None of the lines on the board connected directly to Red Hood's single photo at the top. That image, pulled from a security cam near the Bertinellis' territory, was the only clear visual they had of him—a red helmet under dim streetlights, shoulders squared like he owned the night.
The only other recurring clue was the crowbar. It kept showing up at his crime scenes, sometimes slick with blood, sometimes sticking out of a body, and other times just resting like a calling card beside the bodies. The pattern was unmistakable, even if no one wanted to put it into words.
"We think he's taken control over certain parts of Gotham's underground drug trade," Madina said, sliding his finger across a map with red ink circles marking specific districts. "Some drug dealers operate under his protection now. It's not official, but it's clear enough if you talk to the right people."
Progress was slow—painfully slow. The Red Hood case was less an investigation and more a series of grim interruptions. Every few days, a new body would drop, each kill meticulous and violent, each scene unmistakably his handiwork.
And the GCPD had more than just him to worry about. The Falcones and Maronis had been circling each other for months, their feud bloody but strangely restrained.
Everyone in the room knew that kind of tension should have escalated to all-out war by now. The fact it hadn't? That was its own kind of mystery.
But Gordon was almost certain—Red Hood was the reason.
Outside the commissioner's office, in the bullpen, Deputy Valdez leaned toward the officer beside him. "Any idea why they all look like they're about to chew glass in there?"
The other officer smirked without looking up from his paperwork.

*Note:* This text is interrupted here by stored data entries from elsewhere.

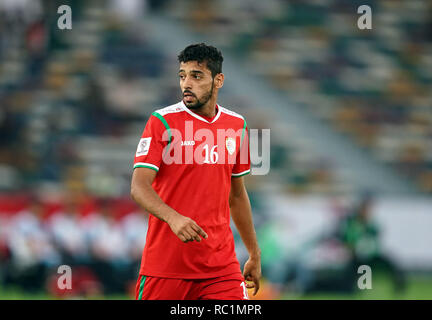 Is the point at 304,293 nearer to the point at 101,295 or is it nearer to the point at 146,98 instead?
the point at 101,295

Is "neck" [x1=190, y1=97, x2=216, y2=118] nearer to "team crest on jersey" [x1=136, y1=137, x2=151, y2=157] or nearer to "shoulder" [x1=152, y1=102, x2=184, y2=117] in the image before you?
"shoulder" [x1=152, y1=102, x2=184, y2=117]

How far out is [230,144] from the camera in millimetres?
4762

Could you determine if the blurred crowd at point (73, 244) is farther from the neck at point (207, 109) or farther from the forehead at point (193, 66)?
the forehead at point (193, 66)

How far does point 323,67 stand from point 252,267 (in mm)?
9957

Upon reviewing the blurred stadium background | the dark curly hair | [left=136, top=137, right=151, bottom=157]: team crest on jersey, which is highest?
the blurred stadium background

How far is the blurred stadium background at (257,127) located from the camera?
40.0ft

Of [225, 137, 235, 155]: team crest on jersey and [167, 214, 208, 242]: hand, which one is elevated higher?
[225, 137, 235, 155]: team crest on jersey

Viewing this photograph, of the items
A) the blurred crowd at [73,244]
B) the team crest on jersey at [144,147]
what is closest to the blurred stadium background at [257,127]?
the blurred crowd at [73,244]

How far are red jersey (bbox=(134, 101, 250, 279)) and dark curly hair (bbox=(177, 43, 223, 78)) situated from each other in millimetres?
294

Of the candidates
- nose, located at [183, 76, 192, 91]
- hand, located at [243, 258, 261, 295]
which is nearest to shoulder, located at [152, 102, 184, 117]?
nose, located at [183, 76, 192, 91]

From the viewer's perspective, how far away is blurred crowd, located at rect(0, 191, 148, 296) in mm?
11914

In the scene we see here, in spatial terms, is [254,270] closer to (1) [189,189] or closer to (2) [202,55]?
(1) [189,189]

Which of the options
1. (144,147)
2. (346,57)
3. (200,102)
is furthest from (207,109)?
(346,57)

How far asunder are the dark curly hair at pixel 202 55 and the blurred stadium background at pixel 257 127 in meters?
7.49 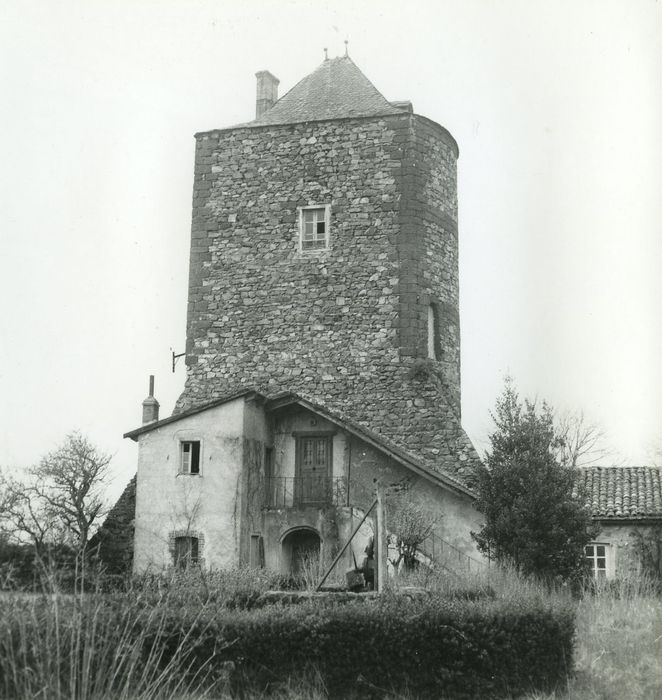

"You're new, so I'll clue you in. That's the division tasked with bringing in Red Hood and monitoring shifts in the underworld. They've got the most stressful caseload in the building."
Valdez raised a brow. "Oh, I've heard of him. Gotham's new headache. Doesn't go after civilians but makes criminals disappear if they step out of line. Ghosts in and out of places. Never seen."
"Not entirely," the officer said. "We know he wears that red helmet. That's about it."
Valdez glanced toward the investigation board across the bullpen. "Has anyone here actually seen him?"
"Nope. Not a single officer sighting. Not in person."
Valdez gave a short, humorless laugh. "So we've got a guy who's suspected in a dozen murders, keeps his face hidden, and hasn't touched a single innocent life. Honestly… maybe we should leave him alone. Sounds like he's doing some of our work for us."
Another deputy, leaning back in his chair with a steaming mug of coffee, joined in. "No one sane wants to get close to that guy. You've seen what's left of the thugs he's dealt with."
Valdez shook his head. "Gotham never runs out of crazies."
"And they never run out of bodies," the coffee drinker said, raising his mug before taking a sip.
Inside Gordon's office, the rain picked up against the windows. No one spoke for a long moment. The Red Hood was no longer just a name in a file.
He had become a presence, an invisible current running beneath Gotham's streets, pulling at a faction of the city's balance of power. And whether the GCPD liked it or not, he was changing the rules.